Conclusion: The study has described trends of RTAs managed by emergency department of hospitals in karachi. Hospital of Karachi experienced a higher burden of RTAs emergencies in the month of Ramadan 2014 as compared with the preceding months of the year. This increase was mostly concentrated among younger ages range from 16-25 years of age. Injuries in city of Karachi are an important public health problem and contribute to major bulk of Emergency facilities. These accidents and the resultant injuries have considerable physical and socioeconomic impacts; therefore, this issue needs to be addressed. By putting into effect laws that enforce road safety measures and helmet usage can prevent these injuries.
Keywords: RTAs (Road traffic accident).
Introduction
Road traffic crashes (RTAs) are one of the most pressing international health and development concerns in the world. Every year, nearly 1.3 million people die as a result of a road traffic collision – more than 3000 deaths each day – and more than half of these people are not travelling in a car. . It was the 2nd leading cause of deaths among 15 – 44 years of age and 80% of these deaths occurred in developing countries . According to the World Health Organization (WHO) 2011 fact sheet, “over 90% of the world’s fatalities on the roads occur in low-income and middle-income countries, even though these countries have less than half of the world’s vehicles [1,2]. In Pakistan, half of all major incidents and two thirds of all deaths in major incidents are due to RTAs In Pakistan [3]. In Pakistan the incidence of road traffic injuries to be around 15–17 per 1000 persons per year estimated by two independent population-based surveys [4–6]. It is estimated that approximately 40 000 people die on the roads every year in Pakistan and many more sustain serious injuries [6]. In addition to the suffering, these injuries contribute significantly to the workload in hospitals, leading to direct costs to the Pakistani economy of over US$ 1 billion [4,7,8]. Various studies in many countries have raised the issue of the increased number of RTCs during holidays and festive periods such as Christmas and New Year [9–11]. An increasing trend of RTAs has also been documented, In countries that celebrate Ramadan, Eid al-Fitr and Eid al-Adha, [12-15]. Ramadan is the ninth month of the Islamic calendar and lasts 29 or 30 days. It is the Islamic month of fasting, in which participating Muslims refrain from eating, drinking, smoking and sex during daylight hours
Methods
It is cross sectional study conducted by Road Traffic Injury Research And Prevention Centre “RTIR&PC” in emergency department of all five major hospitals in Karachi including Jinnah Postgraduate Medical Center, Civil hospital, Abbasi Shaheed Hospital, Aga Khan Hospital and Liaqat Hospital Karachi. . All road traffic accident victims presented to the emergency department of the selected hospital, were included in the study. Inclusion criteria were injured patients of any age or sex presenting to the Accident, Emergency . A pretested trauma registry form was completed for all patients. If the patient was brought unconscious, an attempt was made to collect the information from the patient’s attendant. Basic demographic characteristics, time and date, nature and cause of injury, vital signs and outcome data were recorded. Type of vehicle and mode of collision was recorded in cases of road traffic accident.
Results
Total numbers of accidents were 24360 and total number of injured were 30274. Minor injury 23825 (78.6%), around 65 per day, serious were 5382(17%), around 15 per day and fatal were 1067 (3.5%), 3 per day(table-1, Fig-1).
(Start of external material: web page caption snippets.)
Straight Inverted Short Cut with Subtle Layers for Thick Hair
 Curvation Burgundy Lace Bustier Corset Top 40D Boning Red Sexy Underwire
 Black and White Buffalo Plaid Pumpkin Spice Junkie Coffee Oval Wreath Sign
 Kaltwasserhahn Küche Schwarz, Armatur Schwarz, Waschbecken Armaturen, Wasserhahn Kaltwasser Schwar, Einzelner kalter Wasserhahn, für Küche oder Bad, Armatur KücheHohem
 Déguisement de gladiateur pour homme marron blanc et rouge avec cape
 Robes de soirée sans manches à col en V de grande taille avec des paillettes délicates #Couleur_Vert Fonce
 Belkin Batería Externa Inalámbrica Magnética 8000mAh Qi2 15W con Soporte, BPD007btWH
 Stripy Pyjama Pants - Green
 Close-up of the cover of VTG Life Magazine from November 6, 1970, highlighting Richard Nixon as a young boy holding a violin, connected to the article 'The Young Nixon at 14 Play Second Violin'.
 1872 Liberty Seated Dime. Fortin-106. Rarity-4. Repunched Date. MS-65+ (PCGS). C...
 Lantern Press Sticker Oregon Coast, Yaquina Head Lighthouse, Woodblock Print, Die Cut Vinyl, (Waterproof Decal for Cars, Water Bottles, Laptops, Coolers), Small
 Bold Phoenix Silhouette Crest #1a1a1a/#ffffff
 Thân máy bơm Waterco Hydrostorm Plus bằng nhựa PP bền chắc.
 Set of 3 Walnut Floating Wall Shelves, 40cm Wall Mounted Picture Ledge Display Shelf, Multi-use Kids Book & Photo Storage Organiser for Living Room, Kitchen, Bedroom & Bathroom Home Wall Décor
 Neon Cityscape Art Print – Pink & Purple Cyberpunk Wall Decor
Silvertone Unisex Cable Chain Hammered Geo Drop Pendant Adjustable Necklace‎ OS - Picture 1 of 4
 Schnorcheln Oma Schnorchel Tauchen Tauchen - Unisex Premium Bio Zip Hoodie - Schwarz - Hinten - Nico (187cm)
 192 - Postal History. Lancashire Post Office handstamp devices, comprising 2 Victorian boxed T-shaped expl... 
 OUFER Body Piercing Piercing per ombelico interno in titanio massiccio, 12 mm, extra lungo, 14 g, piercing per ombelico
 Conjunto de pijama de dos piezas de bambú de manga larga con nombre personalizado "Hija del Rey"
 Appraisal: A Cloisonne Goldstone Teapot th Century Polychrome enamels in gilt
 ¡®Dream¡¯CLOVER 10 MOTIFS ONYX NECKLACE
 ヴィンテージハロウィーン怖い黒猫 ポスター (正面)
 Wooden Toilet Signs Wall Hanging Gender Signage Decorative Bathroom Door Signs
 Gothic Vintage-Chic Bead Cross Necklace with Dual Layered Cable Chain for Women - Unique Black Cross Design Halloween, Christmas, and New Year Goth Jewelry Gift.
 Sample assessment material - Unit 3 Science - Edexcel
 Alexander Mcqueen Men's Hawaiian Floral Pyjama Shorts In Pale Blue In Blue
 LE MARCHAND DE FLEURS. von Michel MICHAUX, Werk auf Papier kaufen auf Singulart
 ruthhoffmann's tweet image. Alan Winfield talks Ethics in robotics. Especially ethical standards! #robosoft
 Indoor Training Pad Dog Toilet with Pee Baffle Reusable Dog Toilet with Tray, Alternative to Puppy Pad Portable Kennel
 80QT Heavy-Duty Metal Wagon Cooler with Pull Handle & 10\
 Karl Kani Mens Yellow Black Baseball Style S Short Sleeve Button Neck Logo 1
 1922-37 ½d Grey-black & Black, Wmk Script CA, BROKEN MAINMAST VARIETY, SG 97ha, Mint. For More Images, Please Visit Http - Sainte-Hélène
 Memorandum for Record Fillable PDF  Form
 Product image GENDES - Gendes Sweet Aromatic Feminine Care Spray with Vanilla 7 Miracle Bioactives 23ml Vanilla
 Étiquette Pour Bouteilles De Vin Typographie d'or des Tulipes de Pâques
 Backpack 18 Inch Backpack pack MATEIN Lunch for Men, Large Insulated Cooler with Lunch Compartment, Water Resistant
Male injured were 25263 around 83% and female were 5011 around 17%. According to casualities with respect to age were from 16-20 years male were 5136 around 20% and female were 553 around 11% total of 5689 , from 21-25 years male were 4785 around 19% and female were 674 around 13% total of 5459 , from 26-30 years male were 3546 around 14% and female were 613 around 12% total of 4159 and under 15 years male were 3165 around 13% and female were 840 around 19% total of 4105 (table-2, Fig-2).
On month wise casualities highest casualities recorded in month of June and July of 2014 . Ramadan was from June to July in 2014 and Eid was in July in 2014. In June 2014 injured were 3080 around 11% and fatal were 72 around 7% and in July 2014 injured were 3506 around 12% and fatal were 112 around 10 % (table-3, Fig-3).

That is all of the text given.